__WHAT YOU SHOULD DO__:
Both the line below containing "2024/25 Levi Colwill" and the line containing "Best travel clothes", along with every line between them, should be repeated exactly; no other line belongs in the answer.

__DATASET RECORDS__:
------------
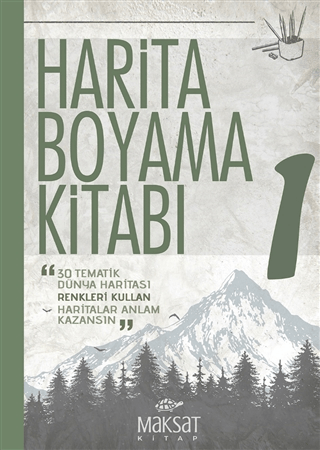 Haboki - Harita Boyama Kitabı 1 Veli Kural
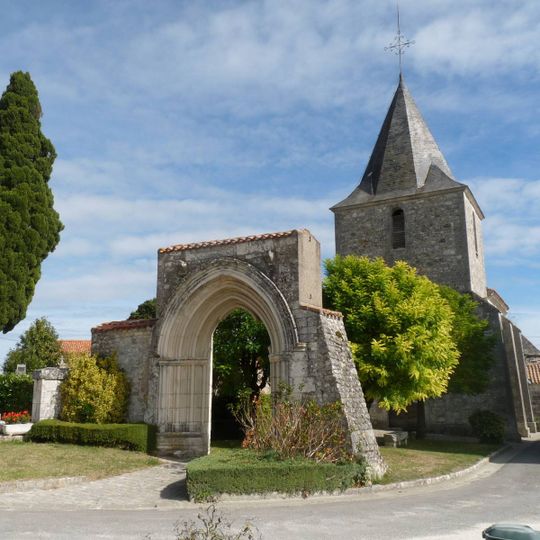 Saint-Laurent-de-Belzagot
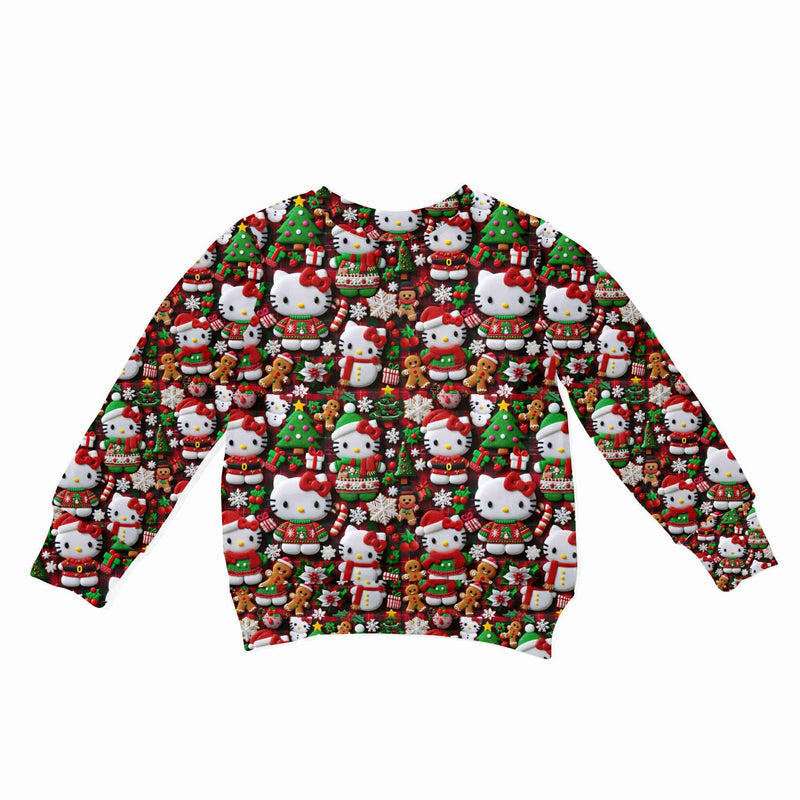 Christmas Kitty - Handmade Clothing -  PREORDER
------------
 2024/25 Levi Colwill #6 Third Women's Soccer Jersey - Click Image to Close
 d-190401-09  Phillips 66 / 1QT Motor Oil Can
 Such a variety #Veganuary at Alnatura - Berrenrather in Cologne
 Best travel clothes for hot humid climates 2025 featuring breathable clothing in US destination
------------
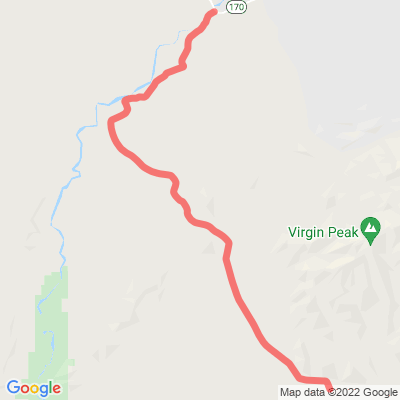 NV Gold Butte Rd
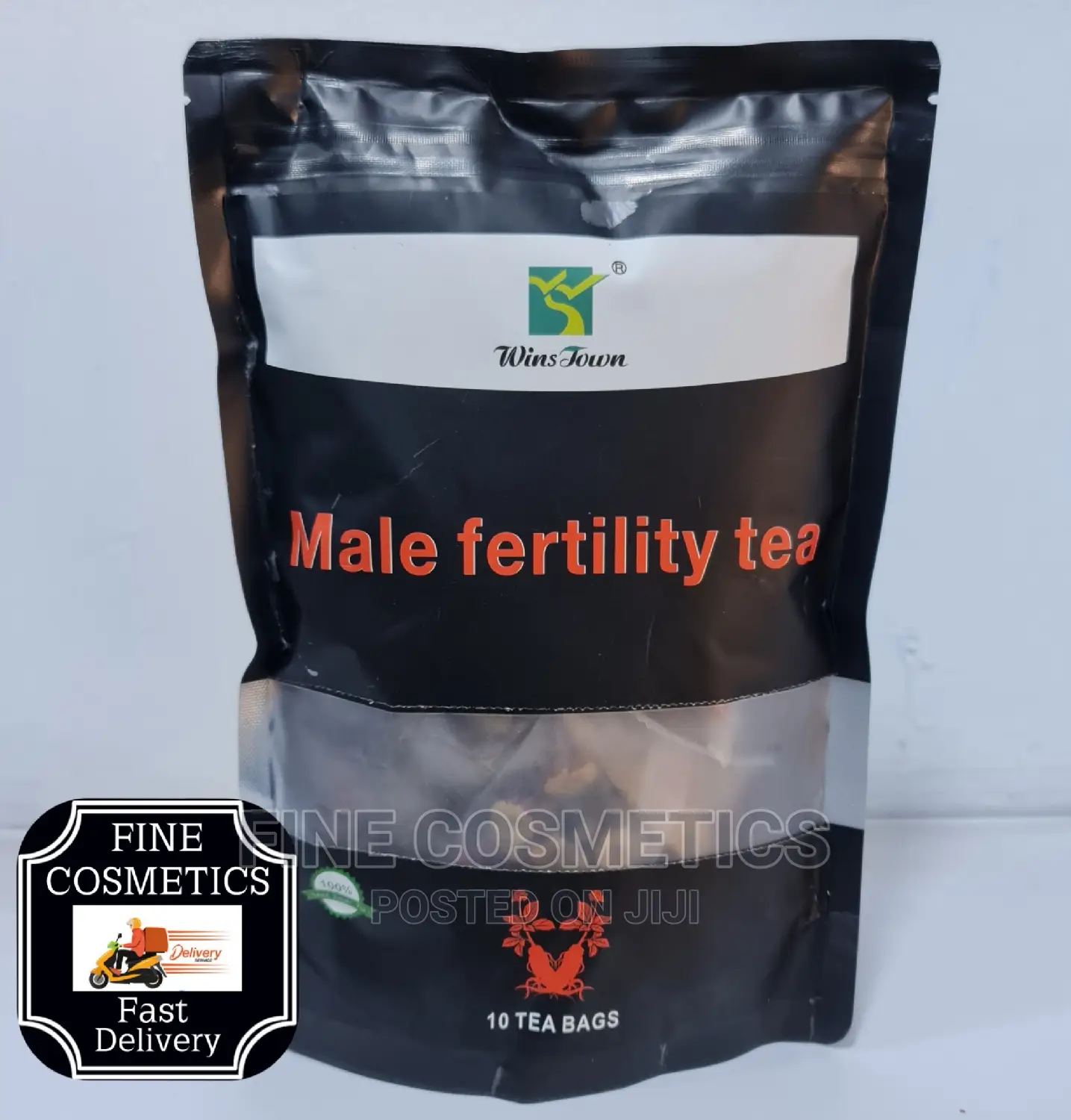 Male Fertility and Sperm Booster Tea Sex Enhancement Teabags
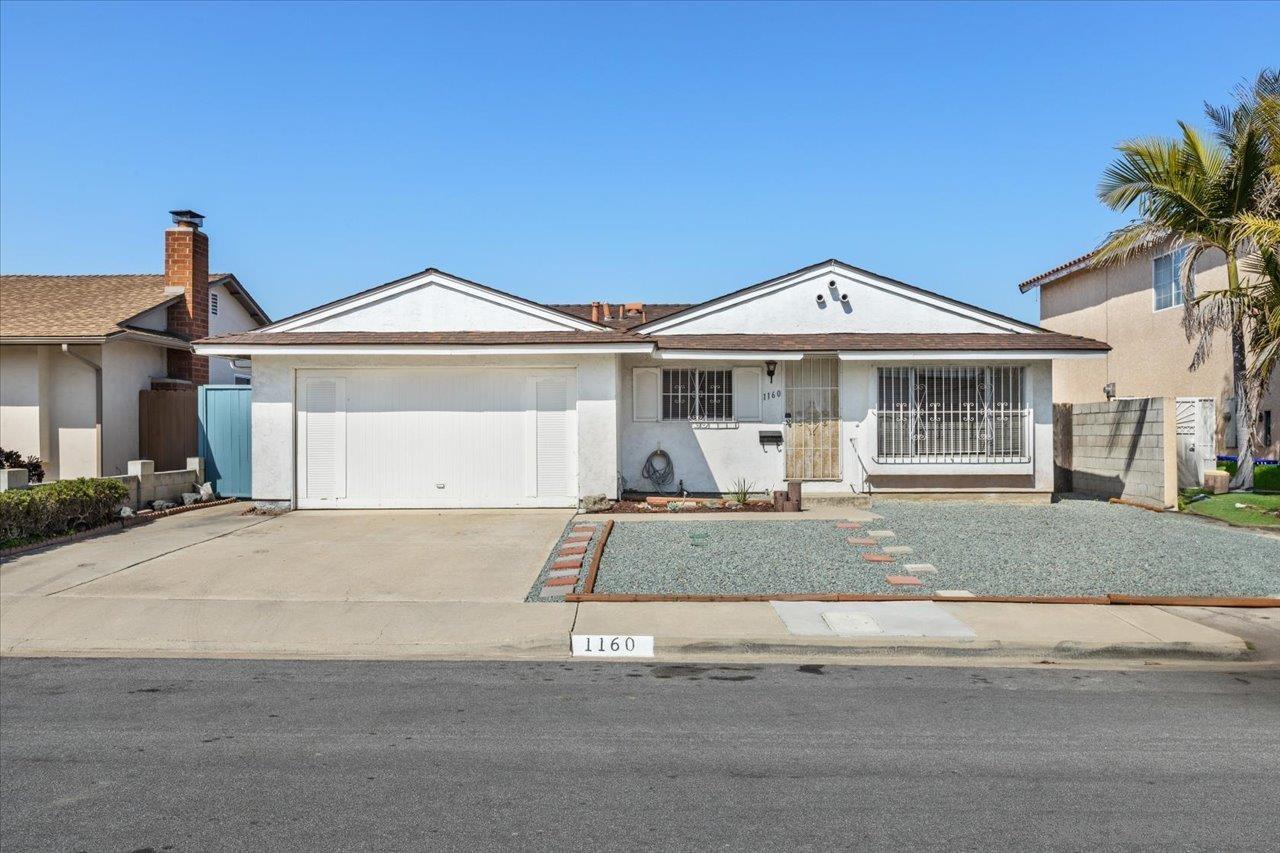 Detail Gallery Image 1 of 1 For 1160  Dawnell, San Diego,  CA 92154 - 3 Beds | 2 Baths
------------
__TASK RESULT__:
 2024/25 Levi Colwill #6 Third Women's Soccer Jersey - Click Image to Close
 d-190401-09  Phillips 66 / 1QT Motor Oil Can
 Such a variety #Veganuary at Alnatura - Berrenrather in Cologne
 Best travel clothes for hot humid climates 2025 featuring breathable clothing in US destination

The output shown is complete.